2651 words / by Anne Galloway and Hilary Niles / VTDigger.org
A group of immigrant EB-5 investors are incensed that Bill Stenger, president and CEO of Jay Peak Resort, seized ownership of the Tram Haus Lodge and turned their half-million dollar equity stakes in the property into IOUs.
Investors had no knowledge of Stenger’s actions until five months after they were executed.
Stenger and his partner at Jay Peak, Miami-based Ariel Quiros, dissolved the company on Aug. 31, 2013, turned the investments into unsecured loans and “waived” investors’ legal rights, according to documents obtained by VTDigger. Stenger says he sent an email to investors with the promissory note on Jan. 24 of this year, but he did not mail official, paper copies until May.
After the investors sent letters of complaint to Stenger and the state, Jay Peak agreed to change certain terms of the IOU in a take-it-or-leave-it offer earlier this month.

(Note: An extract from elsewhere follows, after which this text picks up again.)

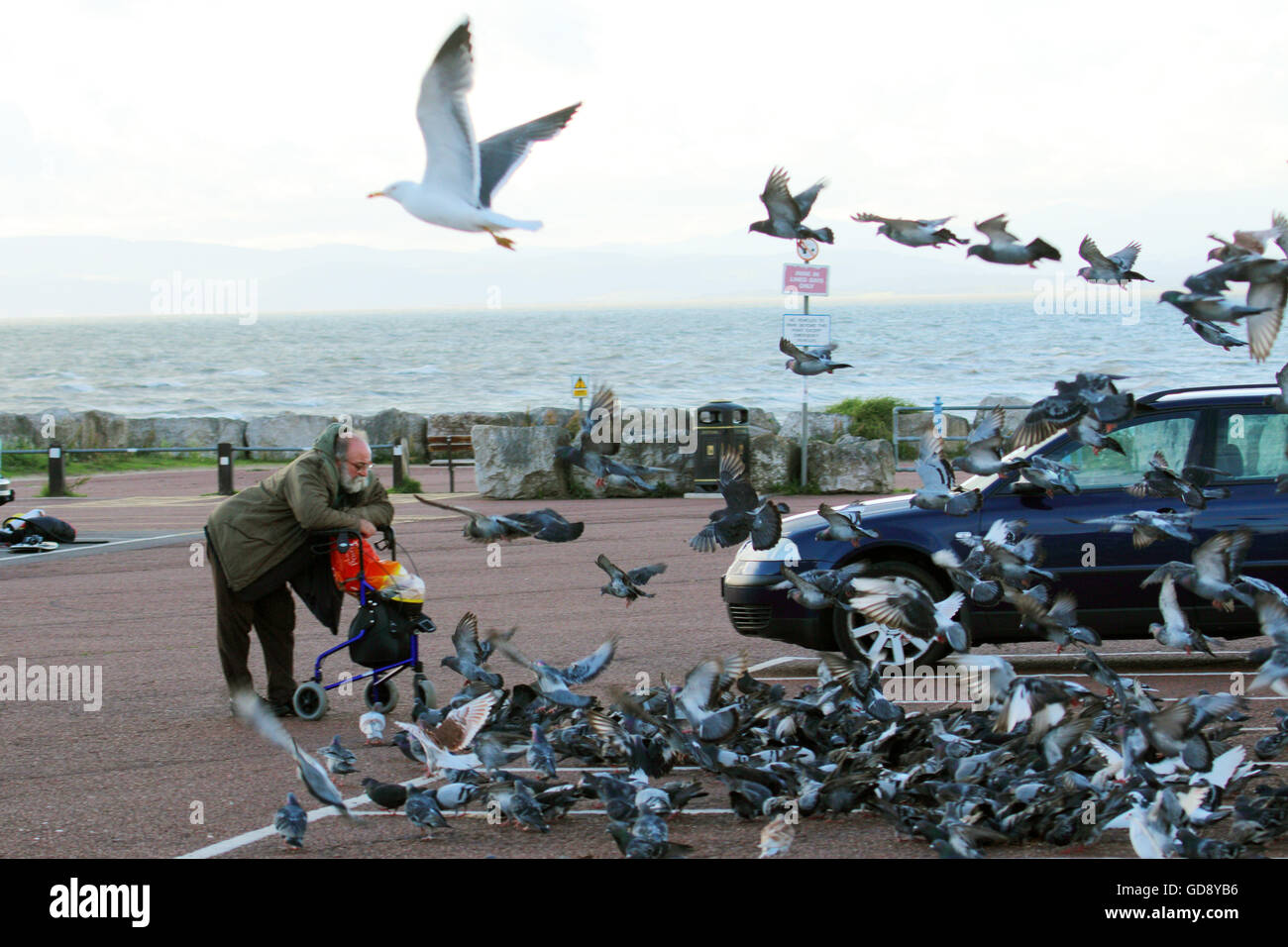 Morecambe Promenade Morecambe, Lanashire, Vereinigtes Königreich, 13. Juli 2016, Rentner John Wilkinson Morecambes Birdman weiterhin Morecambes Tauben füttern auf Morecambes Batterie Parkplatz, er ist an den Tagen begrenzt und auf das Volumen der Vogelfutter kann er die Vögel füttern.   John Wilkinson ging ins Gefängnis im Jahr 2014, für die Verletzung einer ASBO für Nuissance ließ er während der Fütterung der Birda rund um sein Haus und muss jetzt nicht nur ca. 100 m von seinem Haus Kredit füttern: David Billinge/Alamy Live News Stockfoto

In an interview, Stenger said he did not need to consult with the 35 limited partners in Jay Peak Hotel Suites, LP, before he dissolved the company, because Jay Peak had the legal right to do so under the limited partnership agreement with the investors.
Stenger said he regrets not communicating better with both investors and state officials, and he takes full responsibility for the “big mistake.”